▸ Task requirements: Return the data that follows exactly as it appears. Pictures do not belong in the copy.

BEGIN

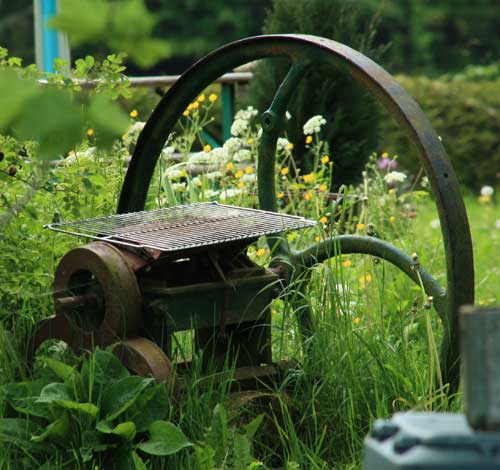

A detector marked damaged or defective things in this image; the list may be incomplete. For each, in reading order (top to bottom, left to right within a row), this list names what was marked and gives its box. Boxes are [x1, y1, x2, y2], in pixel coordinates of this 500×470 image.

rusty metal surface [45, 201, 314, 253]
rusty iron machine [30, 36, 472, 394]
rusty metal surface [117, 34, 472, 392]
rusty metal surface [53, 242, 142, 346]
rusty metal surface [113, 338, 174, 386]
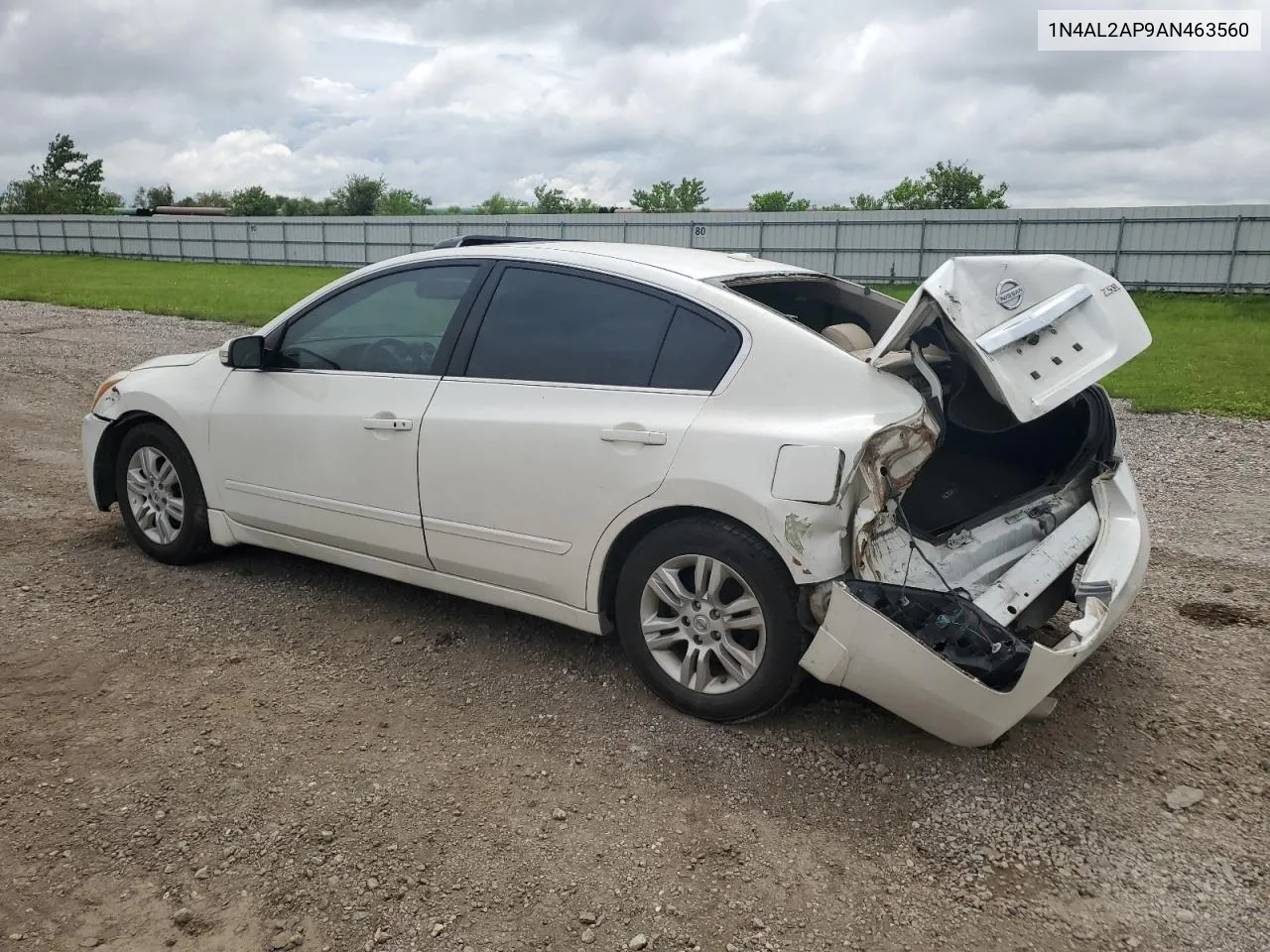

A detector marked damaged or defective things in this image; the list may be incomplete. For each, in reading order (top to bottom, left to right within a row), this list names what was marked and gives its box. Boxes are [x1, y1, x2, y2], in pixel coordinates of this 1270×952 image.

crushed trunk lid [873, 254, 1151, 422]
severe rear damage [794, 256, 1151, 746]
crumpled bumper [802, 462, 1151, 750]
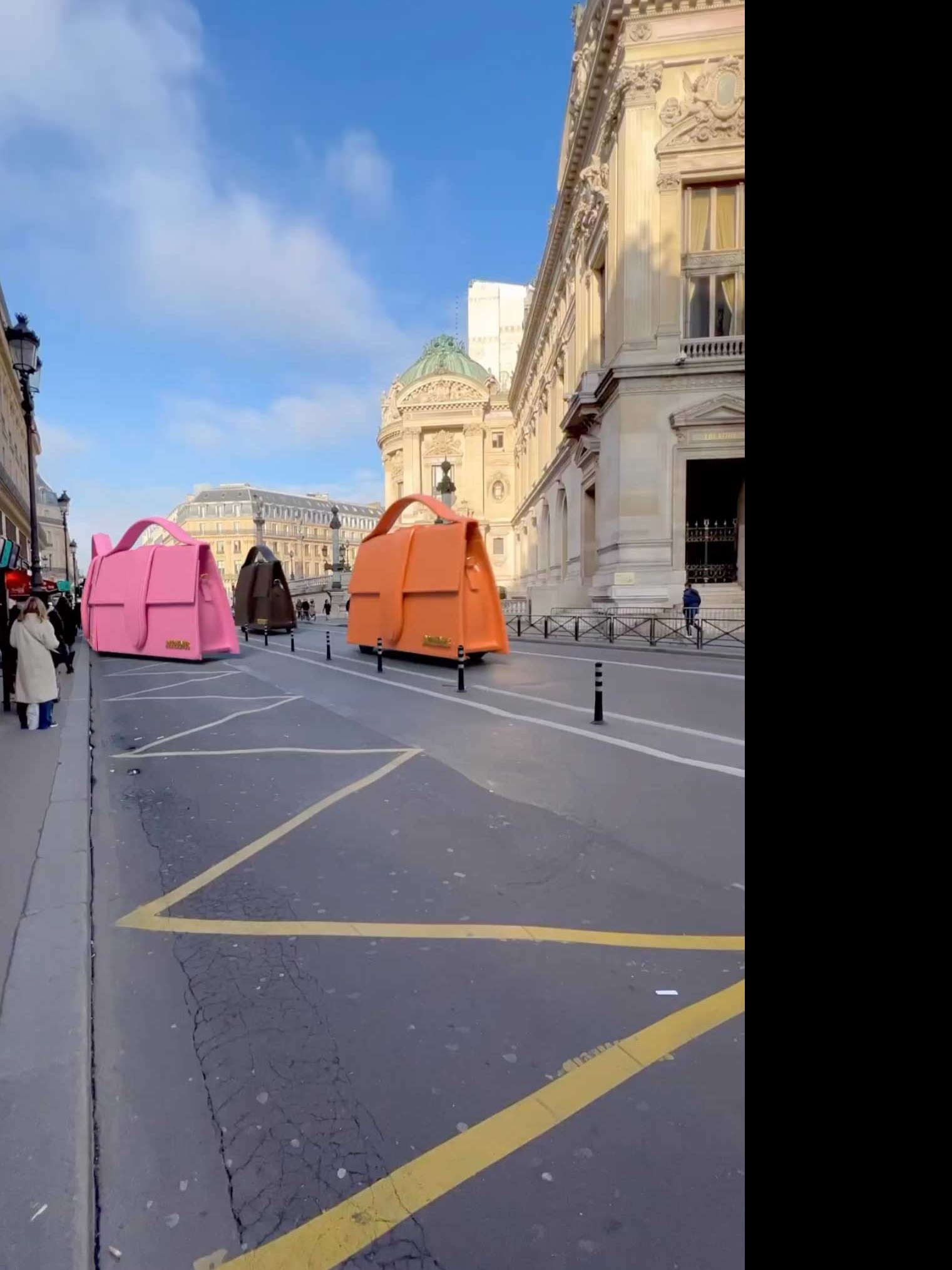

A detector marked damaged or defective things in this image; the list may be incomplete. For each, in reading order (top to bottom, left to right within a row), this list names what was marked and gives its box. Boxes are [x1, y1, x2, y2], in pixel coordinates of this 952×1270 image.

END

▸ Finished exercise:
A detector marked damaged or defective things in this image; the list may be incomplete. For each, in reading order (top to bottom, left to right within a row), this list names what was marked and gives its box. Boxes are [x1, y1, x2, y2], in pixel coordinates of this 500×470 image.

rusty metal surface [45, 201, 314, 253]
rusty iron machine [30, 36, 472, 394]
rusty metal surface [117, 34, 472, 392]
rusty metal surface [53, 242, 142, 346]
rusty metal surface [113, 338, 174, 386]

A detector marked damaged or defective things in this image; the list may be incomplete. For each, in reading order (top to bottom, left to right within a row), this list names what was marked and gives its box. Boxes are [x1, y1, x2, y2], in pixel coordinates of this 1270×952 image.

crushed trunk lid [873, 254, 1151, 422]
severe rear damage [794, 256, 1151, 746]
crumpled bumper [802, 462, 1151, 750]

A detector marked damaged or defective things in this image; the list may be incomplete. For each, in reading order (top to bottom, left to right within a row), this list names what was marked and gives its box. Boxes are [x1, y1, x2, y2], in pixel coordinates of this 952×1270 image.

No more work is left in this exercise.